“Every Australian state and territory has now heard the call to step up and support international students”
In its announcement, the NSW government said the measures would help to protect vulnerable students and maintain the state’s track record as a “leading global study destination”.
“International students are an integral part of our communities and our economy,” said minister for skills and tertiary education, Geoff Lee.
“Thousands of families around the state depend on the sector – whether through direct employment, homestays or other services.”
The temporary housing scheme will be targeted at students in “genuine need” and delivered through approved student accommodation or homestay providers.
It also provides increased support via the International Legal Service NSW, making available 50,000 free subscriptions to the multilingual My Legal Mate student app.
A new 24/7 international student support service will also offer free advice and information around the moratorium on rental evictions and medical, mental health, legal and emergency support- it will be available through a Covid-19 hotline.
Lee added that international students make a huge contribution to NSW and deserve a “helping hand”.
“Many have lost their part-time jobs, are unable to return to their home countries and do not qualify for Commonwealth government support programs,” he said.
“The additional support being announced complements efforts of our education institutions, highlighted by a combined $180 million commitment from NSW universities for their international and domestic students.”

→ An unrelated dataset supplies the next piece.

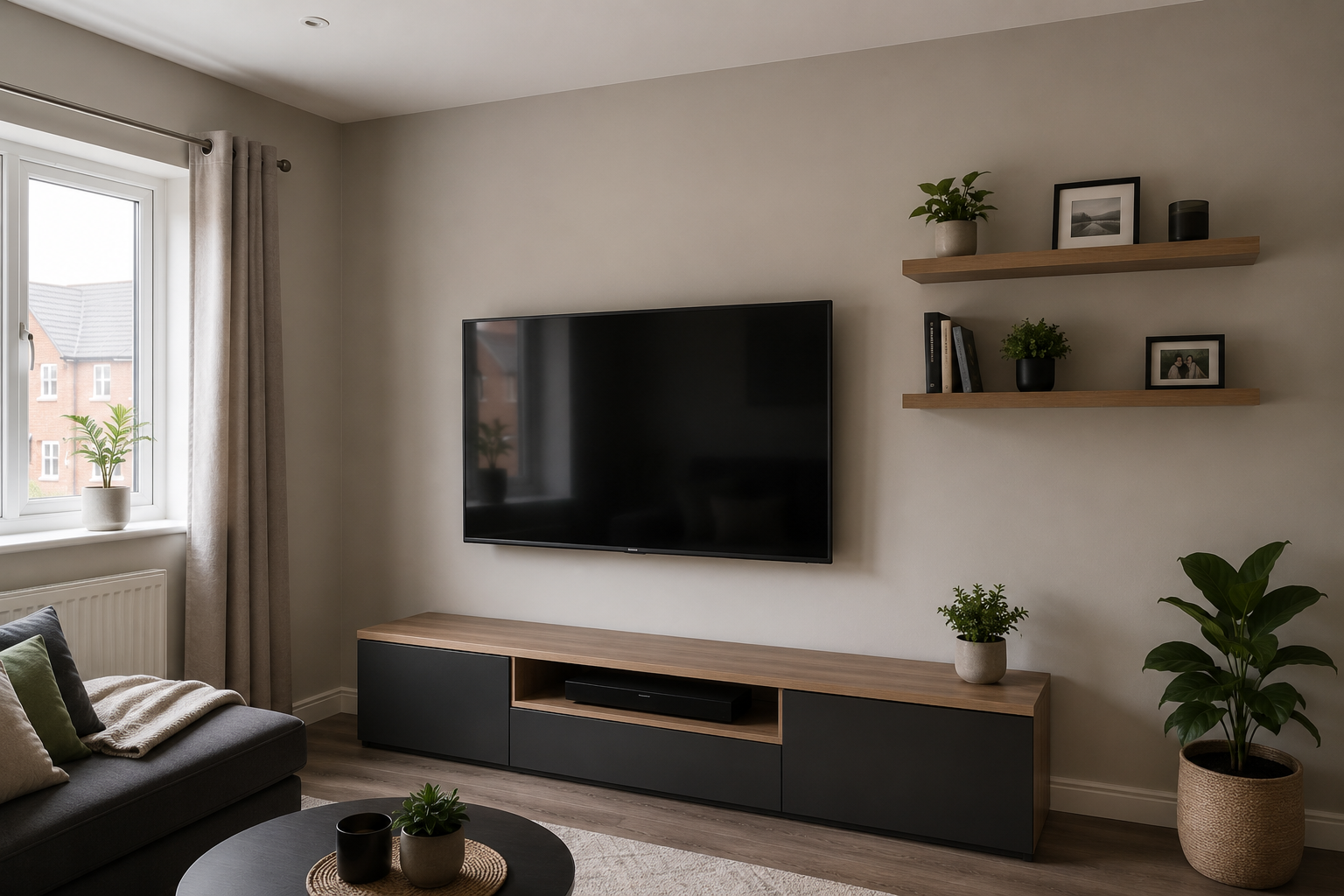 Example wall-mounted television and floating media cabinet.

The assistance has been welcomed by Australian HE stakeholders, but some have called for the federal government to do more to ensure a unified national approach to assisting students.
“Every Australian state and territory has now heard the call to step up and support international students,” said Universities Australia chief executive, Catriona Jackson.
“They join the nation’s 39 comprehensive universities, who have all established a wide range of supports, including hardship funds.”
However, according to Jackson, the type amount and duration of assistance international students can access varies considerably between jurisdictions.
“The state or territory an international student is studying in should not be the deciding factor in the level of support available to them.
“It is time for the Federal government to survey what is available and join in, ensuring a nationally consistent approach,” Jackson said.
The promise of support for international students has come from the Australian Capital Territory, Northern Territory, Queensland, South Australian, Tasmanian, Victoria and Western Australian governments.
However, these promises have not always materialised. A report by the Sydney Morning Herald revealed that international students are still waiting for Victorian government help – and are relying on food programs and vouchers to survive.
It has been three weeks since the Victorian government pledged tens of millions of dollars in relief funding for the state’s international students.
Executive officer of the International Student Education Agents Association, Robert Parsonson, said that the NSW government’s announcement is a good first step but more is needed.
“There needs to be further details on the StudyNSW page on how to access the emergency accommodation,” he said.
“The state government still needs to address emergency food and financial aid”
“The state government still needs to address emergency food and financial aid. Much of the work is being done by charity and community groups.
“The City of Sydney has set up Hamper Hubs with charity OzHarvest distributing 500 hampers last week,” Parsonson added.
International education is Australia’s fourth-largest export contributing $39 billion to the national economy every year. In NSW, universities contributed $8.3bn in export income in 2018-19, supporting thousands of local jobs.